Perform machine learning predictions with SQL

更新时间:
复制 MD 格式

This topic describes how to use SQL in AnalyticDB for MySQL to deploy a Behavior Sequence Transformer (BST) model for machine learning tasks. It covers the entire workflow, from data transformation and model creation to training, evaluation, and prediction.

Use cases

You can use SQL queries for model training and inference, allowing you to perform data preprocessing, training, and inference entirely within SQL.

AnalyticDB for MySQL supports BST models. These models are suitable for applications that require understanding user behavior patterns, analyzing user preferences, predicting future trends, and implementing personalized recommendations. For example, in e-commerce or gaming, BST models can capture long-term dependencies in user behavior. This allows for more accurate predictions of user patterns and preferences, enabling you to deliver personalized services and recommendations.

About BST models

The BST model is designed to process sequential behavior data. It takes a sequence of behavior event IDs as input and outputs a classification result of 0 or 1.

For example, in a game, a player's interactions can be recorded and converted into a series of behavior events.

A player might generate the following sequence of actions: Log in, Claim login reward, Accept quest, Battle, Battle, Battle, Complete quest, Top up, Battle, Log out.

This sequence of actions is converted into a sequence of event IDs, such as 0,1,2,3,3,3,4,5,3,6. This sequence is then passed to the BST model as a string. The model analyzes the sequence and returns a classification result of 0 or 1, indicating the predefined category of the behavior sequence.

Prerequisites

  • An AnalyticDB for MySQL Enterprise Edition, Basic Edition, or Data Lakehouse Edition cluster is created.

  • Your cluster's kernel version must be 3.2.4.0 or later.

    Note

    To view and update the minor version, go to the Configuration Information section on the Cluster Information page in the AnalyticDB for MySQL console.

Step 1: Create and bind resource groups

Running machine learning tasks with SQL requires two types of resource groups:

  • AI resource group: Manages the GPU resources required for compute-intensive operations such as model training and prediction.

  • Regular resource group: Processes standard SQL queries, such as those that generate training data or call prediction functions.

When you submit a SQL query, it is first sent to a regular resource group.
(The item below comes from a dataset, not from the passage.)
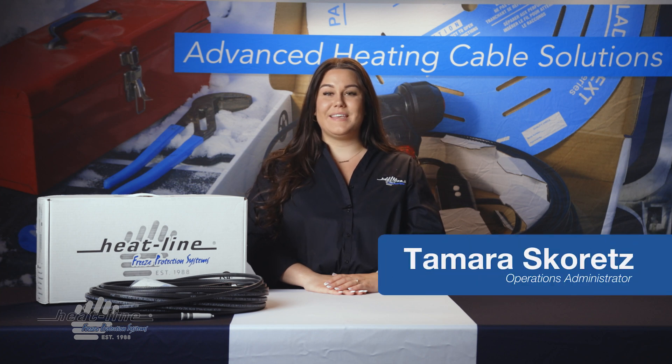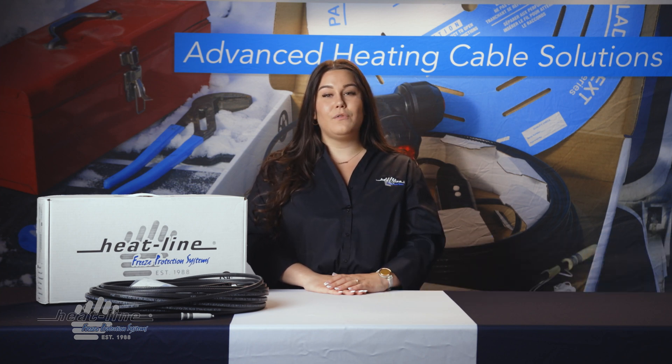Hello and welcome to this month's Heat-Line video vlog. Today we are going to talk about how long you should leave roof heating cables on for.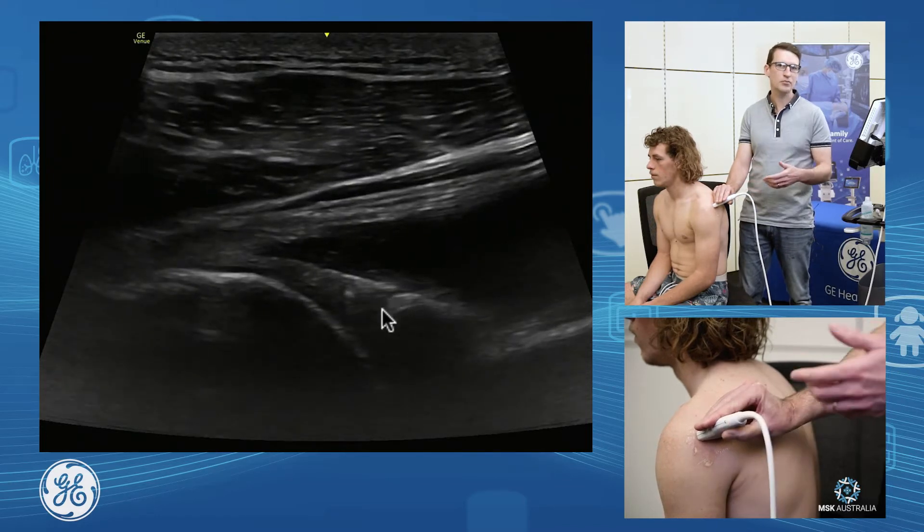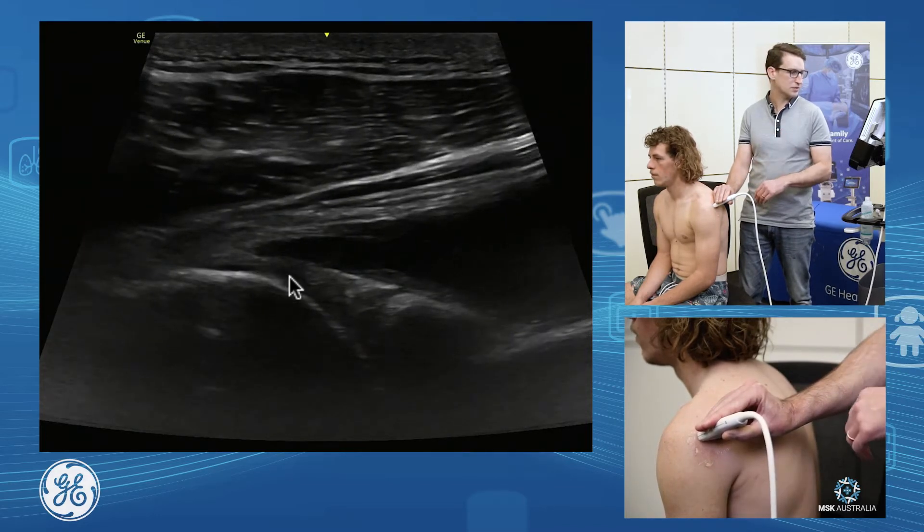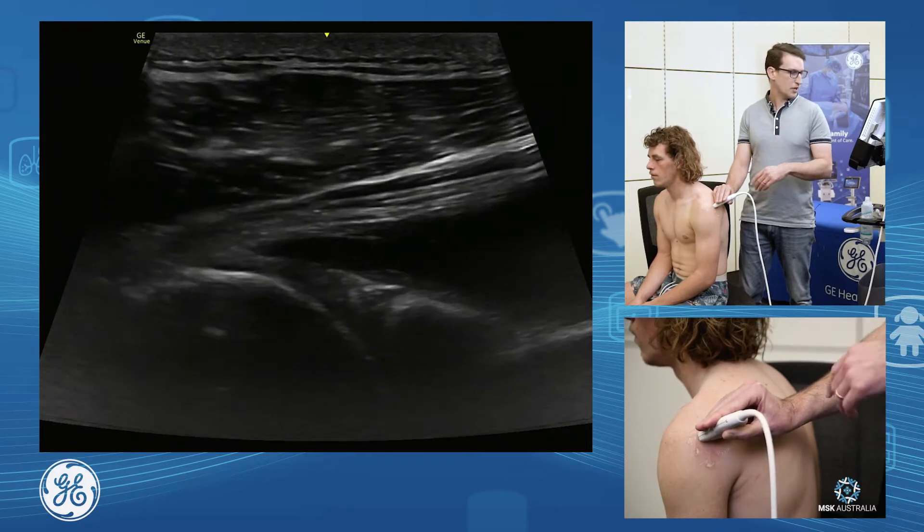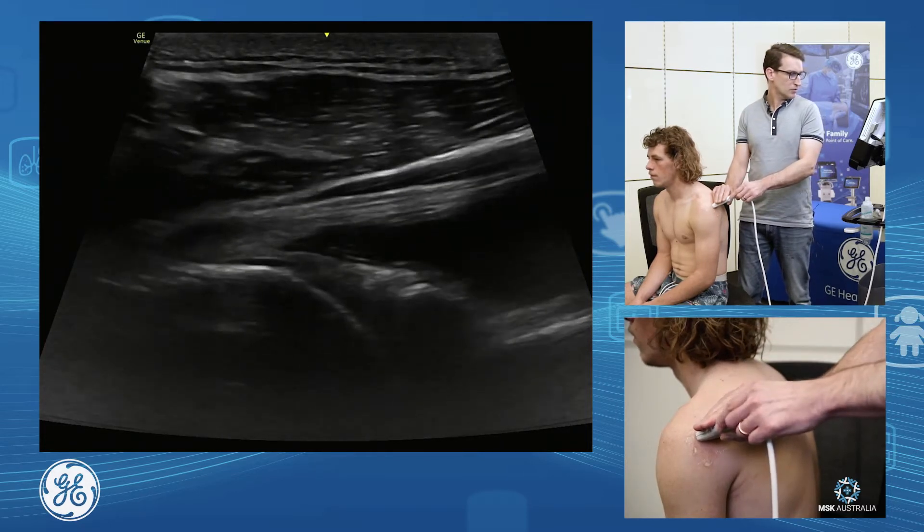We've got our glenoid, labrum, and our humeral head with its articular cartilage. I want to assess the full superior to inferior aspect of this glenohumeral joint.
If the system detects that the query requires AI computation, it automatically forwards the task to the bound AI resource group for execution.

To do this, create an AI resource group and bind it to a regular resource group.

  1. Log on to the AnalyticDB for MySQL console. In the upper-left corner of the console, select a region. In the left-side navigation pane, click Clusters. Find the cluster that you want to manage and click the cluster ID.

  2. In the left-side navigation pane, choose Cluster Management > Resource Management, and then click the Resource Groups tab.

  3. In the upper-right corner of the resource group list, click Create Resource Group to create an AI resource group.

    Parameter

    Description

    Resource Group Name

    The custom name of the resource group. The name must be 2 to 30 characters in length, start with a letter, and contain only letters, digits, and underscores (_).

    Job Type

    From the drop-down list, select AI.

    Important

    If the AI option is not available, the AI resource group feature is not enabled for your cluster. Contact technical support to enable it.

    Specifications

    A combination of GPU, CPU, and memory resources. You can select ADB.MLLarge.24, ADB.MLLarge.2, or ADB.MLAdvanced.6.

    Minimum Resources

    The minimum number of resource units.

    Maximum Resources

    The maximum number of resource units.

  4. Click OK to create the resource group.

  5. Find the target regular resource group. In the Actions column, click Modify. Use the ML Job Resubmission Rules setting to bind the regular resource group to the newly created AI resource group.

Step 2: Data transformation

Data transformation is the process of converting raw data into a format suitable for model training. This process depends on three key factors: the raw data's format, its storage location, and the model's input data requirements.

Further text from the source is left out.